Well looks like i figured out whats wrong with the remote. The switch that that key moves is actually torn off the PCB on one side. Oh well atleast the IR works.


----------



## jerry downing (Mar 7, 2004)

What I have is version 6.3. I don't know if there is any significant difference between these and version 6.0. Version 6.3 does work with my 510 which uses the same remote as your receiver.


----------



## shadough (Dec 31, 2006)

As near as I can figure, the 6.0 remote ONLY operates in IR and UHF "PRO" modes. It does not operate in UHF mode, so therefore it will only control 322, 522, 625, etc. recievers that have a TV2 option in UHF pro.

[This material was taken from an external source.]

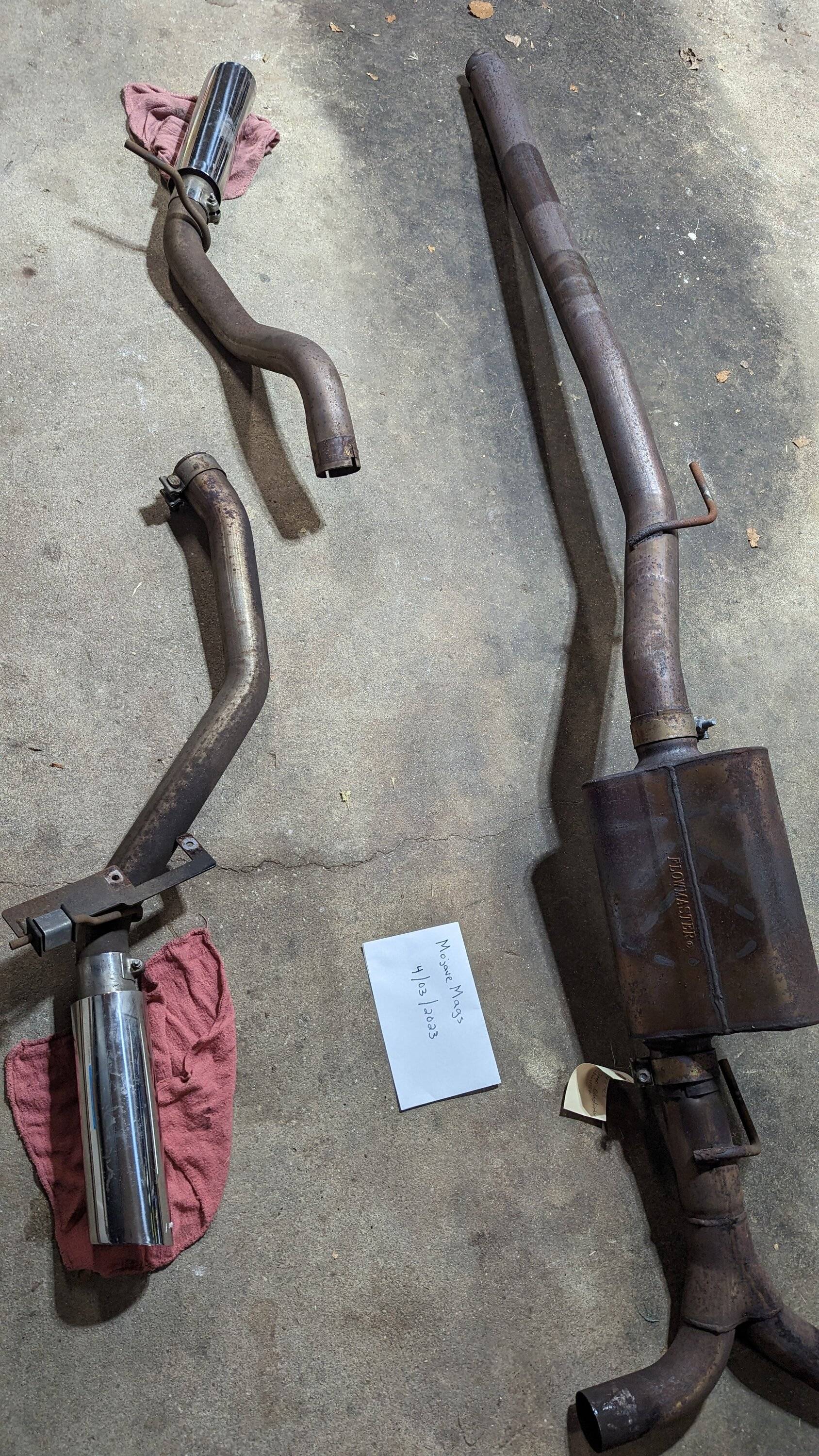 Jeep Gladiator Used Flowmaster American Thunder Cat-Back Exhaust System Dual Side Exit With 3-1/2” Polished Tips 3.6L Jeep Gladiator 2020-2022 PXL_20230403_231517883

Additionally, the 6.0 remote does not come w/ all those accessory 'keys'. It just comes w/ the one, an you either use TV1 IR or flip it over for TV2 UHF Pro.


----------



## Blowgun (May 23, 2008)

IF you have the black "UHF" key, use that one.


----------



## shadough (Dec 31, 2006)

The 6.0 doesnt come w/ a black UHF key. It has 1 key, one side is green (1) and the other is blue (2).

You CAN stick a black UHF key into it, but it won't help. It still won't control anything thru UHF OTHER than UHF Pro receivers.


----------